Ocular Adverse Events in Clinical Trials with Selumetinib
Selumetinib, a MEK1 inhibitor, received orphan drug designation for differentiated thyroid cancer treatment and is heavily studied in metastatic uveal melanoma. Ocular adverse events occurred in 10% to 20% of patients in monotherapy or combination therapy. Retinal vein occlusion and MEKAR were noted in about 1% of patients.
Other MEK Inhibitors Associated with Ocular Adverse Events
Additional inhibitors such as RO5126766, RO4987655, refametinib, pimasertib, and binimetinib were associated with varying rates of ocular adverse events, including retinal vein occlusion, MEKAR, blurred vision, dry eye, cystoid macular edema, and pigment epithelial detachment.
Physiopathology of Mitogen-Activated Protein Kinase Associated Retinopathy
The MAPK pathway participates in the maintenance, protection, and repair of the retina and retinal pigment epithelium (RPE). Inhibiting this pathway may lead to ocular adverse events by affecting retinal homeostasis.
Toxicity mechanisms are posited to involve drug action on nondividing photoreceptors and RPE cells, causing retinopathy and night blindness. ERK activation in neuroretinal tissue maintains neuroretina–RPE interactions and regulates blood–retinal barrier tight junctions.
ERK also modulates ion channels controlling the outer blood-retinal barrier and aquaporin-1, a fluid transport channel in RPE cells. Thus, MEK inhibitor retinopathy likely results from combined signaling disruptions caused by MAPK pathway inhibition.
CTCAE Classification
Analyzing ocular adverse events is complicated by variability in descriptions and inconsistent use of terms like retinopathy or blurred vision, which encompass most retinal manifestations or visual symptoms.
This review proposes combining existing algorithms based on the Common Terminology Criteria for Adverse Events (CTCAE) version 5.0, refining visit schedules for detection and monitoring of MEKAR. The CTCAE v5.0 offers improved classification of retinal vascular disorders, MEKAR, and blurred vision compared to earlier versions.

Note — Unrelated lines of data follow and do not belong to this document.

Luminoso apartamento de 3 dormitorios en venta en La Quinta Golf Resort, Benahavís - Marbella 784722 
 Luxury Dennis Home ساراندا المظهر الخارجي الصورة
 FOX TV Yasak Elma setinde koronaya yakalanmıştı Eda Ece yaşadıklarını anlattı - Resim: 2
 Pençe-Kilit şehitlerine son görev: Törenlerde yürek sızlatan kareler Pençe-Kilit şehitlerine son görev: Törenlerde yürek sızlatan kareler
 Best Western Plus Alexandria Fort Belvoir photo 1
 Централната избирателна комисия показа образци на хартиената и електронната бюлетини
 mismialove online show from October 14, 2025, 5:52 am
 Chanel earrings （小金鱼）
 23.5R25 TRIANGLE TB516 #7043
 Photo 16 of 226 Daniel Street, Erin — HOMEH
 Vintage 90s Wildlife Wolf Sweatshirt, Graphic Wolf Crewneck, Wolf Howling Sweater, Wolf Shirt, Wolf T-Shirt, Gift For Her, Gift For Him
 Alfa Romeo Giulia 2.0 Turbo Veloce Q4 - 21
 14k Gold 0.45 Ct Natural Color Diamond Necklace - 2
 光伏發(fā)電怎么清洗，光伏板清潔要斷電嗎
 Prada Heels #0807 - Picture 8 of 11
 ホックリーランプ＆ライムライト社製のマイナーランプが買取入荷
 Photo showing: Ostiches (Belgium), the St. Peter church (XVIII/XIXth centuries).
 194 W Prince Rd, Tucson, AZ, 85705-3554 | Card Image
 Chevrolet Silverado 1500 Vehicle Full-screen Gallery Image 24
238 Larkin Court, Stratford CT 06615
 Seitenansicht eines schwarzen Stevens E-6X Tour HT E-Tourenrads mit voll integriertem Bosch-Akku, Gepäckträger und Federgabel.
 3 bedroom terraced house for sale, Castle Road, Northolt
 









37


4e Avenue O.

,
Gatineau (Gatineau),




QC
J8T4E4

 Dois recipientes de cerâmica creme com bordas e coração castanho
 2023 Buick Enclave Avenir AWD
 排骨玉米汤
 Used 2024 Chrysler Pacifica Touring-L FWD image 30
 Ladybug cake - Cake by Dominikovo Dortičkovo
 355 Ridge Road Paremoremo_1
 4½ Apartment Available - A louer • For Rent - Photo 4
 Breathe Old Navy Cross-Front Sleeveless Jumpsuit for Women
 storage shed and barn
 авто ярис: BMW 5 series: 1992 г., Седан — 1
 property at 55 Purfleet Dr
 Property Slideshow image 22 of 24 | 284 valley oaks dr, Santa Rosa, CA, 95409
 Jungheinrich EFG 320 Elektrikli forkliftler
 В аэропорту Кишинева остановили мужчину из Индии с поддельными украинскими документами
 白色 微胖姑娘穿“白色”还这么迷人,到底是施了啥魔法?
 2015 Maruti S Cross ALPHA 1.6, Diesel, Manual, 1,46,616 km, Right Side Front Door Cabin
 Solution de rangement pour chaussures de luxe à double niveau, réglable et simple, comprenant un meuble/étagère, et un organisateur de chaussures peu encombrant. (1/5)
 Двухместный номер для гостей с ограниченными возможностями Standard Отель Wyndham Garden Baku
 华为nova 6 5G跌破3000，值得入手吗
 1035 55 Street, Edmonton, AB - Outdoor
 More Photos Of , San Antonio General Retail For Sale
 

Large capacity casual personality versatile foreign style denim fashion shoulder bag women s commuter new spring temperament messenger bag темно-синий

A practical monitoring algorithm is suggested whereby asymptomatic patients undergo three monthly exams in the first three months of treatment—when MEKAR risk is highest—followed by less frequent visits as clinically indicated. Grade 1 and 2 MEKAR cases typically do not require treatment changes and are self-limited. Patients should be instructed to seek emergency care if vision impairment occurs and may use tools such as the Amsler grid for home monitoring.
Other Ocular Adverse Events Associated with MEK Inhibitors
Symptoms of anterior segment disease include punctate keratitis, conjunctivitis, epiphora, discharge, and dry eye, which can affect quality of life and require appropriate management.
Ocular inflammation described includes anterior uveitis, iritis, episcleritis, and scleritis, with symptoms such as periocular pain, photophobia, redness, and blurred vision. Uveitis, mainly anterior, can threaten sight and requires steroid treatment.
Eyelid inflammation, typically blepharitis, is characterized by hyperemic conjunctiva, desquamation, trichiasis, decreased lacrimation, and tear film dysfunction. Edemas of the eyelid and orbit are common.
Glaucoma, an intraocular pressure-related neuropathy, has been reported with some MEK inhibitors, necessitating careful intraocular pressure monitoring to prevent visual field loss.
Cataracts have been reported with certain inhibitors without a specific pathogenic mechanism proposed.
Conclusion
With the introduction of MEK inhibitors into clinical practice, various ocular toxicities have been encountered, some potentially severe such as MEK retinopathy and retinal vein occlusion. This review highlights multiple ocular adverse events and proposes a practical algorithm for MEKAR screening based on visual acuity.Early recognition of ocular adverse events and communication between ophthalmologists and oncologists are essential for optimal management.